• [WHAT YOU HAVE TO DO] Starting at the top line, print the entries below exactly as they are and skip every picture.

• [RECORDS TO PROCESS]
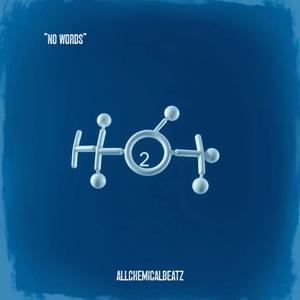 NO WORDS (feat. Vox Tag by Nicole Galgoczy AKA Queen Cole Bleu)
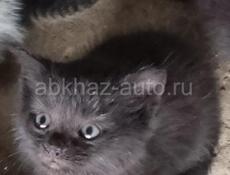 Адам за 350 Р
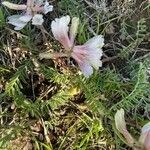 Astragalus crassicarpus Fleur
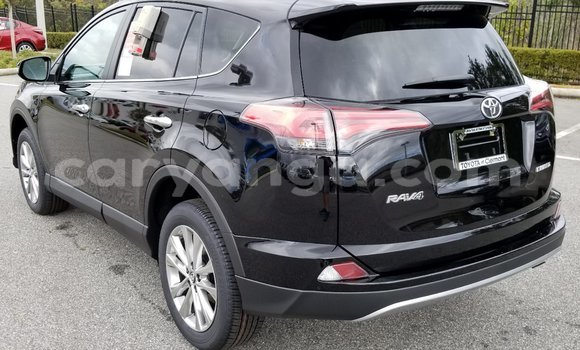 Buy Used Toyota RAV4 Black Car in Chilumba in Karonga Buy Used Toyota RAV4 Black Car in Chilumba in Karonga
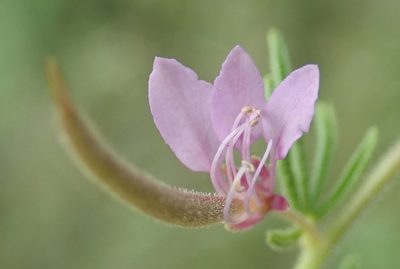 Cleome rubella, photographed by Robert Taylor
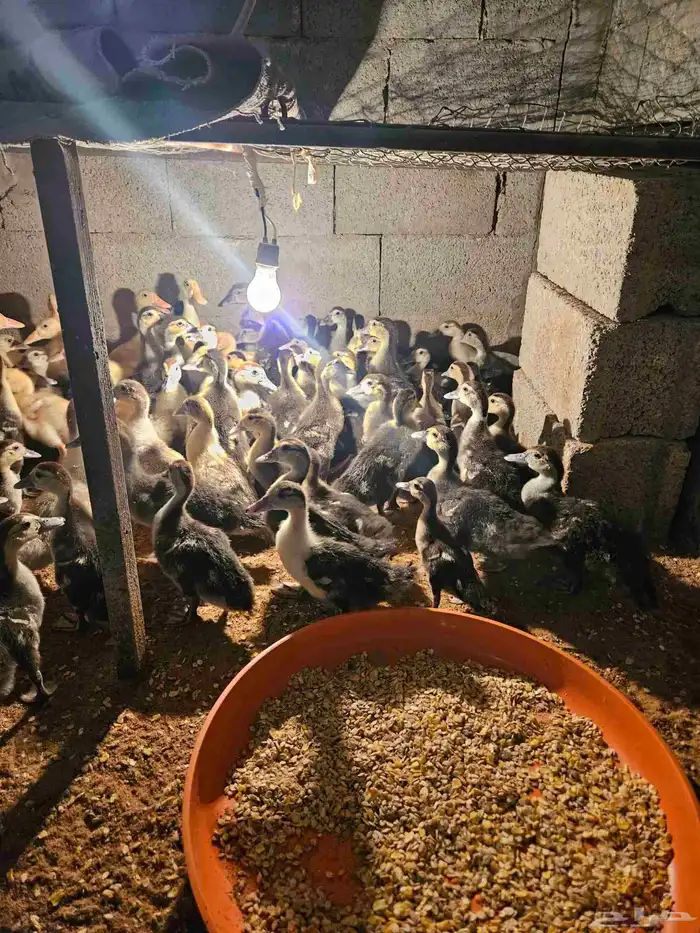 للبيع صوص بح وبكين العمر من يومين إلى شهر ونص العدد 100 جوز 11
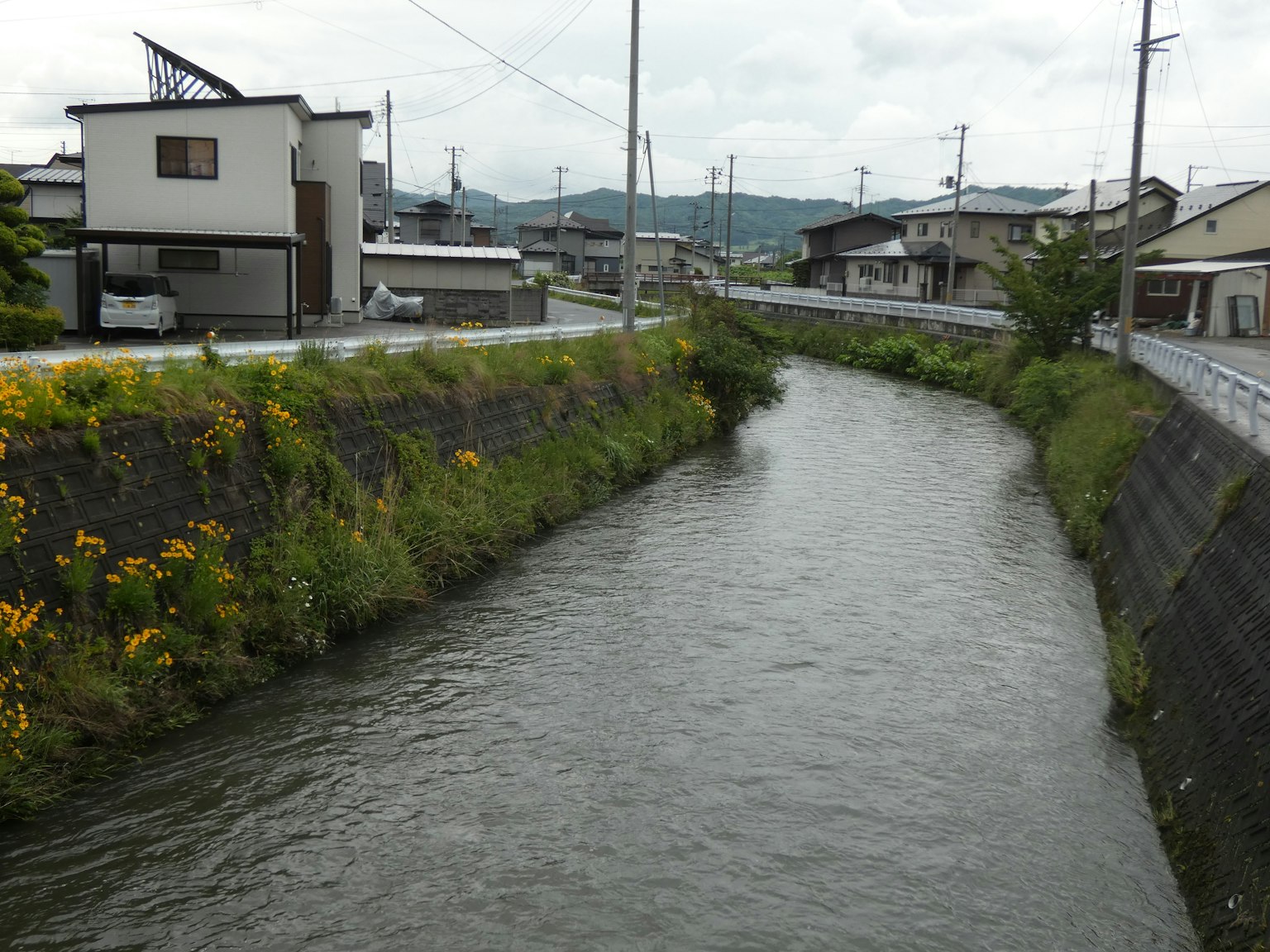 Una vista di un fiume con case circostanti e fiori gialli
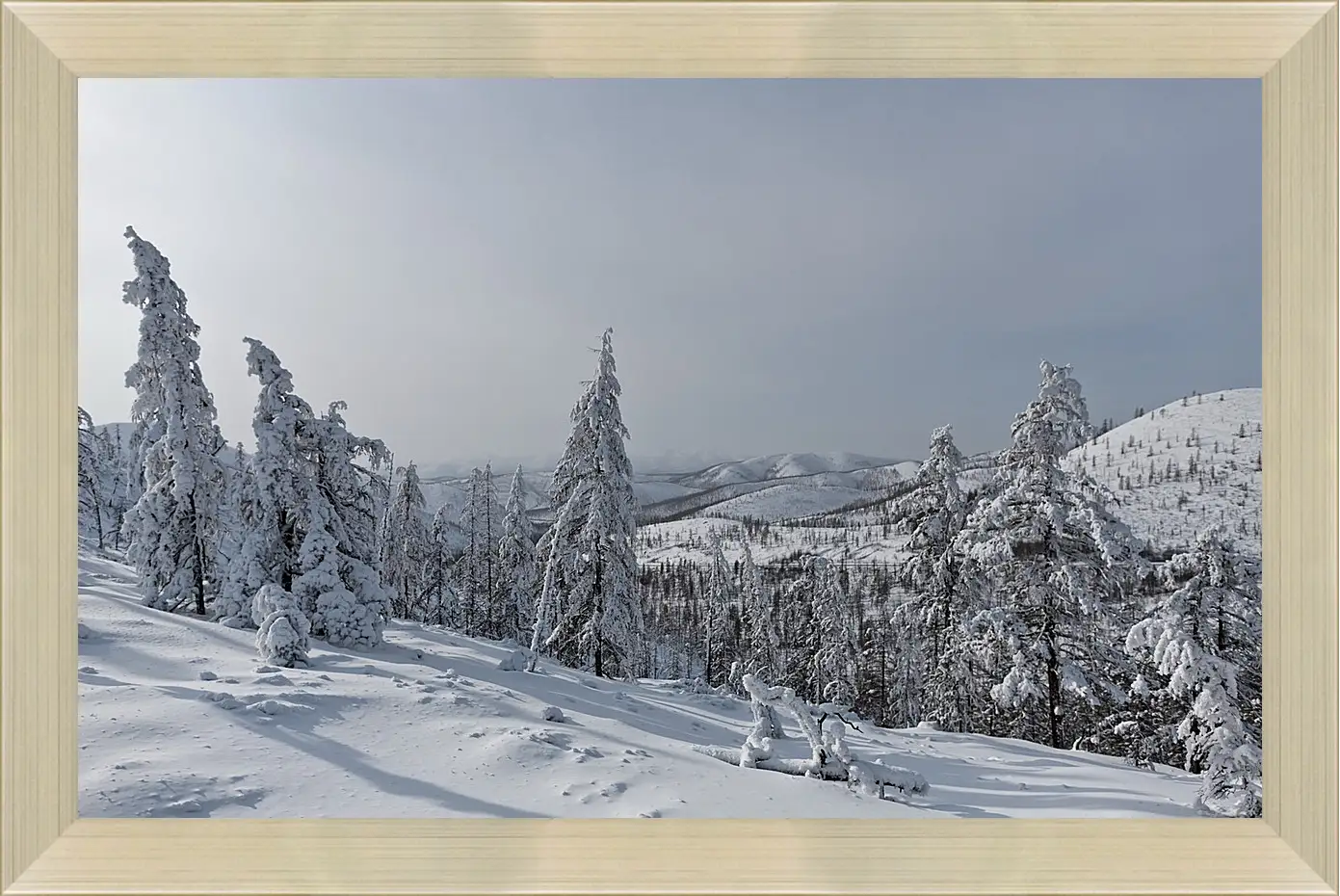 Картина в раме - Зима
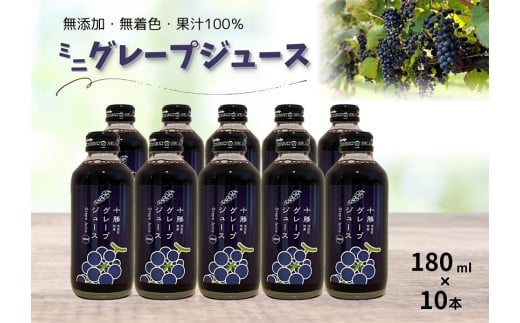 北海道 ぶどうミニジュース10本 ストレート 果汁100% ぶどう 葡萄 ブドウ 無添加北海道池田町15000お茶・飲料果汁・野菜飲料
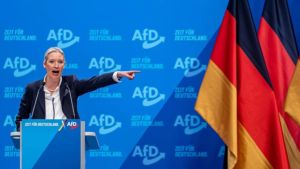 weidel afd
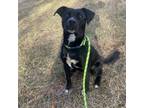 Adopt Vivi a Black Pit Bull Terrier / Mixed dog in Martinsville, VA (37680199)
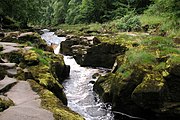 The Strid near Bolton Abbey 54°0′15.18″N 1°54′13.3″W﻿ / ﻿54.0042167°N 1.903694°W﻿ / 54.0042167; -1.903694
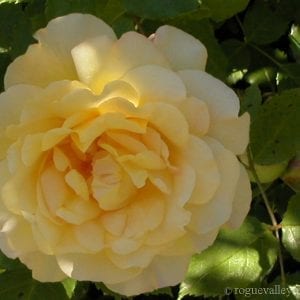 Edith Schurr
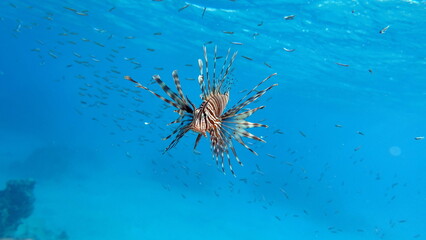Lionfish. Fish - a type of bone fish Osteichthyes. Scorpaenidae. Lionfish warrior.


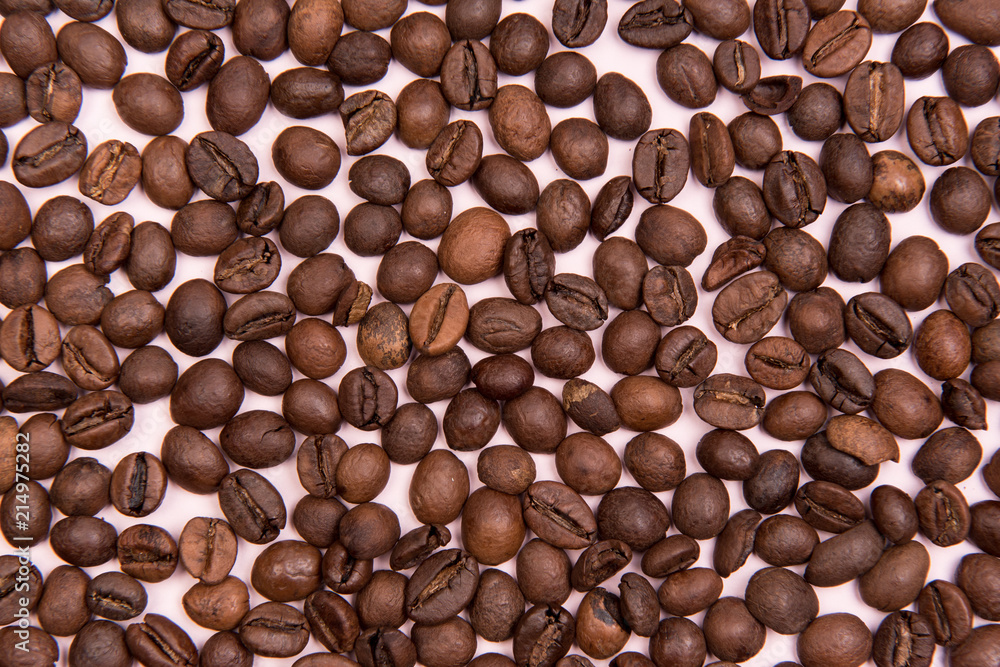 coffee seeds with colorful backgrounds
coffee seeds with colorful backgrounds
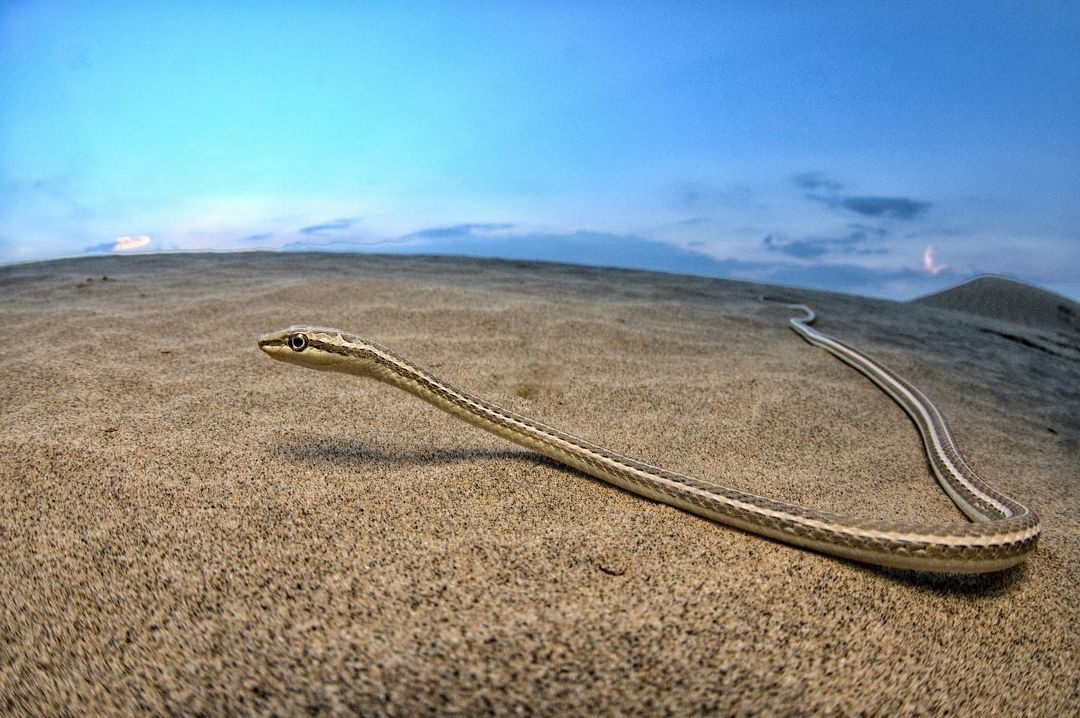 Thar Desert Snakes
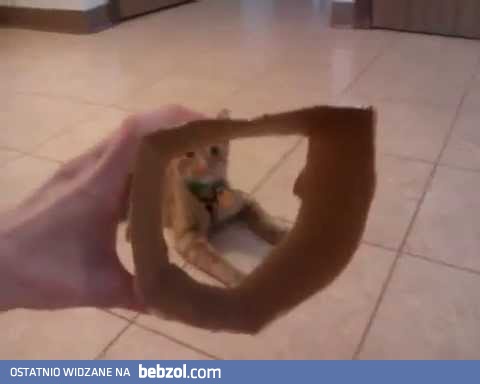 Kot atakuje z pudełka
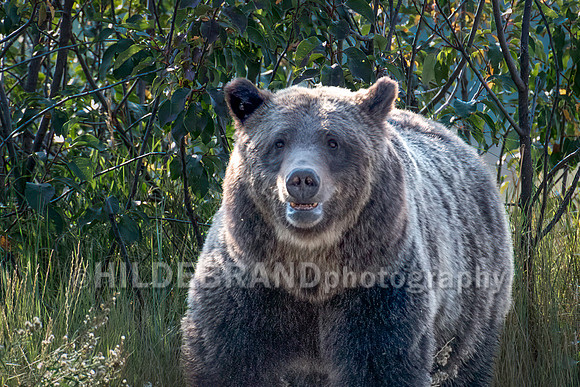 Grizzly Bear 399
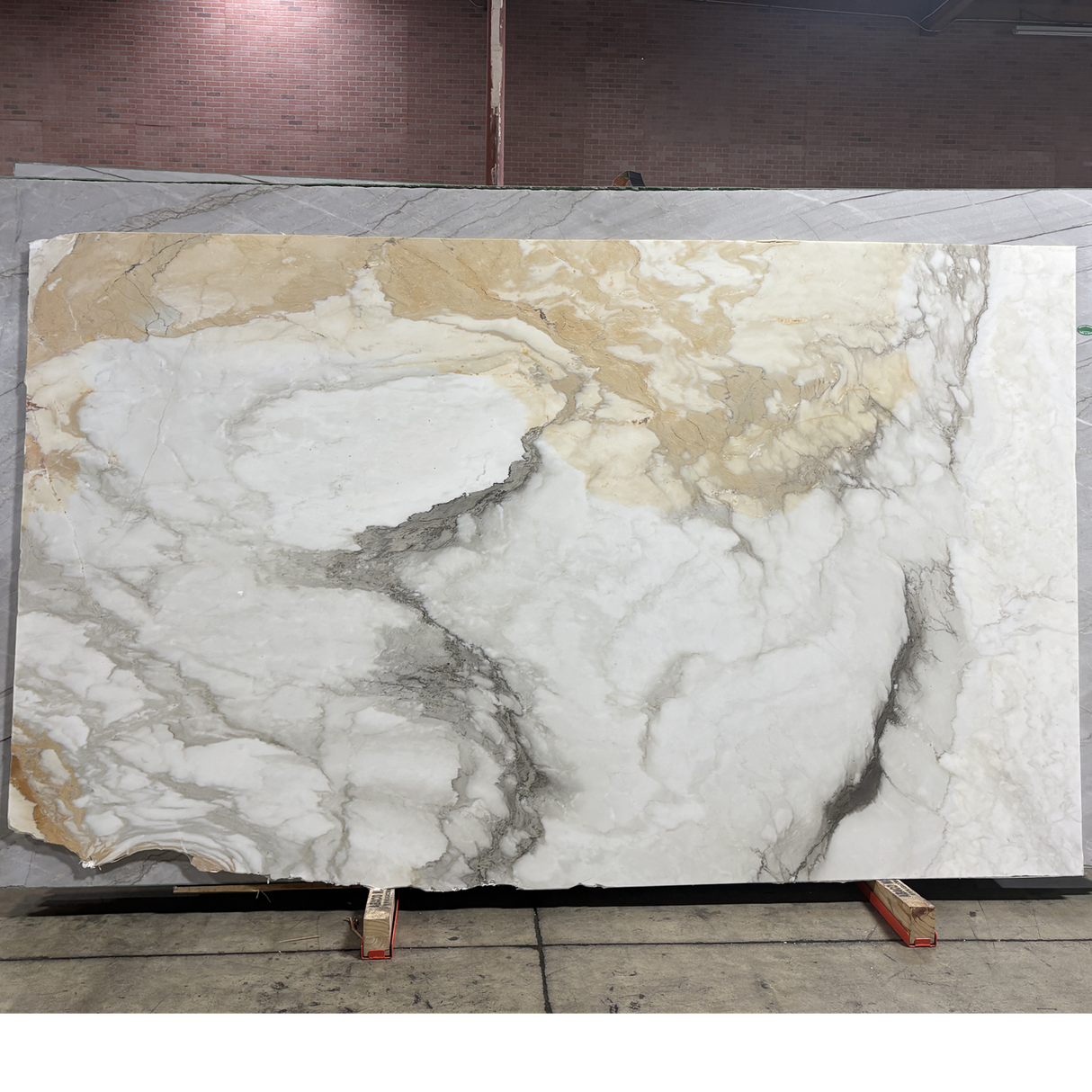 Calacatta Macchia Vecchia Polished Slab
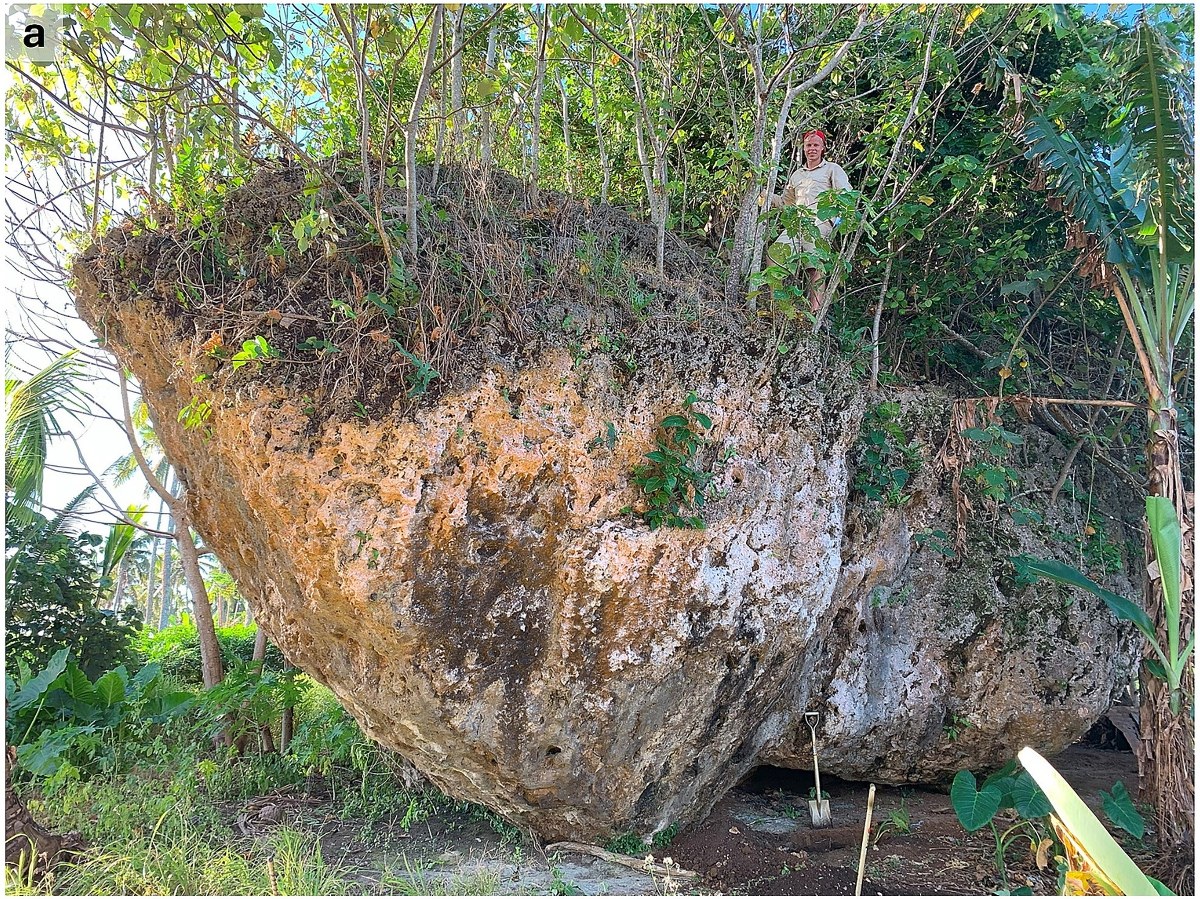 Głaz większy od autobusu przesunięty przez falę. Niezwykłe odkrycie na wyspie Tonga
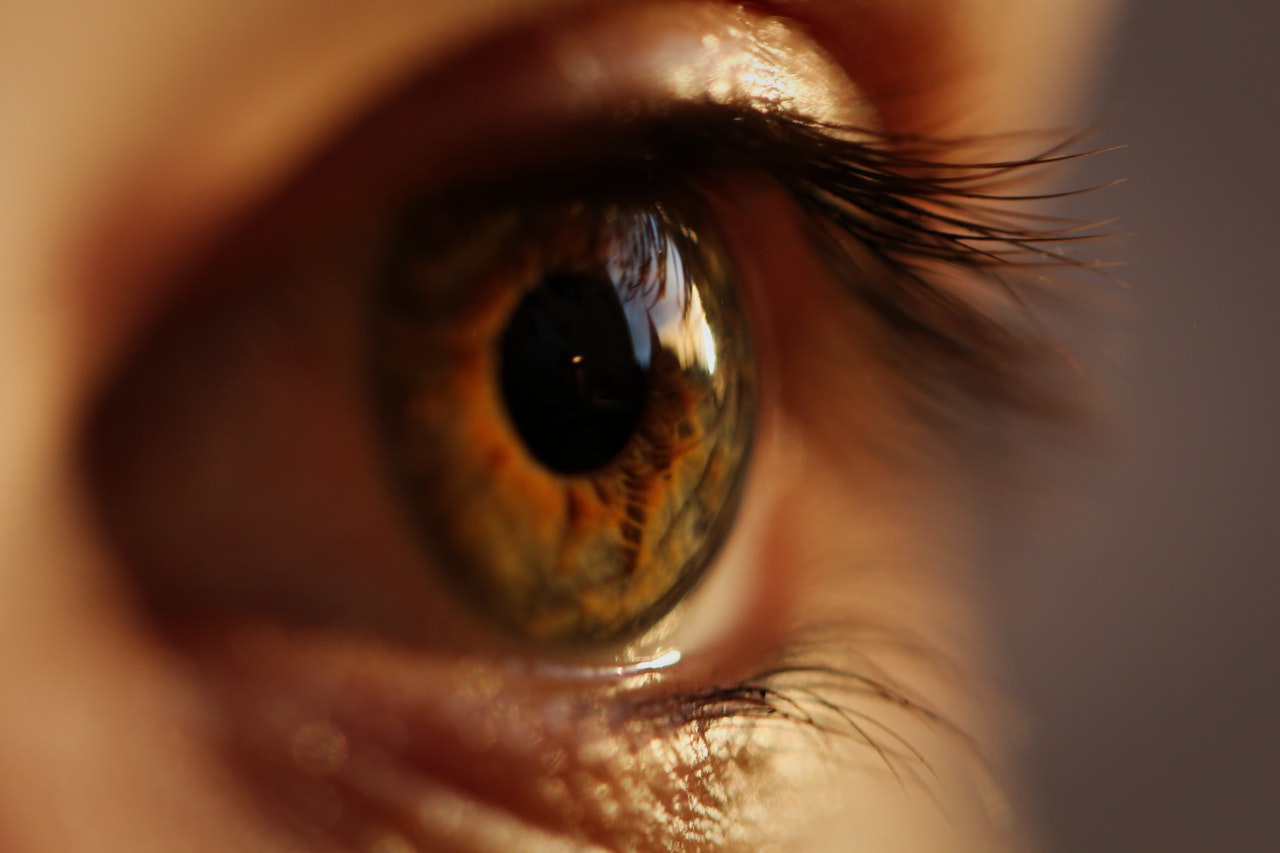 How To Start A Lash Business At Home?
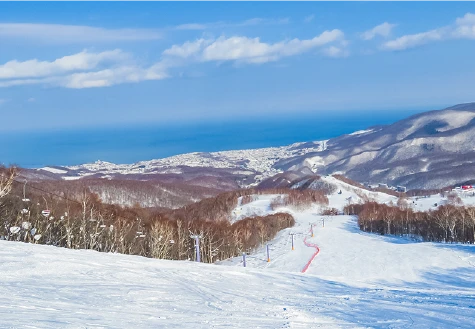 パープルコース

• [OUTPUT BELOW]
 NO WORDS (feat. Vox Tag by Nicole Galgoczy AKA Queen Cole Bleu)
 Адам за 350 Р
 Astragalus crassicarpus Fleur
 Buy Used Toyota RAV4 Black Car in Chilumba in Karonga Buy Used Toyota RAV4 Black Car in Chilumba in Karonga
 Cleome rubella, photographed by Robert Taylor
 للبيع صوص بح وبكين العمر من يومين إلى شهر ونص العدد 100 جوز 11
 Una vista di un fiume con case circostanti e fiori gialli
 Картина в раме - Зима
 北海道 ぶどうミニジュース10本 ストレート 果汁100% ぶどう 葡萄 ブドウ 無添加北海道池田町15000お茶・飲料果汁・野菜飲料
 weidel afd
 Adopt Vivi a Black Pit Bull Terrier / Mixed dog in Martinsville, VA (37680199)
 The Strid near Bolton Abbey 54°0′15.18″N 1°54′13.3″W﻿ / ﻿54.0042167°N 1.903694°W﻿ / 54.0042167; -1.903694
 Edith Schurr
Lionfish. Fish - a type of bone fish Osteichthyes. Scorpaenidae. Lionfish warrior.


 coffee seeds with colorful backgrounds
coffee seeds with colorful backgrounds
 Thar Desert Snakes
 Kot atakuje z pudełka
 Grizzly Bear 399
 Calacatta Macchia Vecchia Polished Slab
 Głaz większy od autobusu przesunięty przez falę. Niezwykłe odkrycie na wyspie Tonga
 How To Start A Lash Business At Home?
 パープルコース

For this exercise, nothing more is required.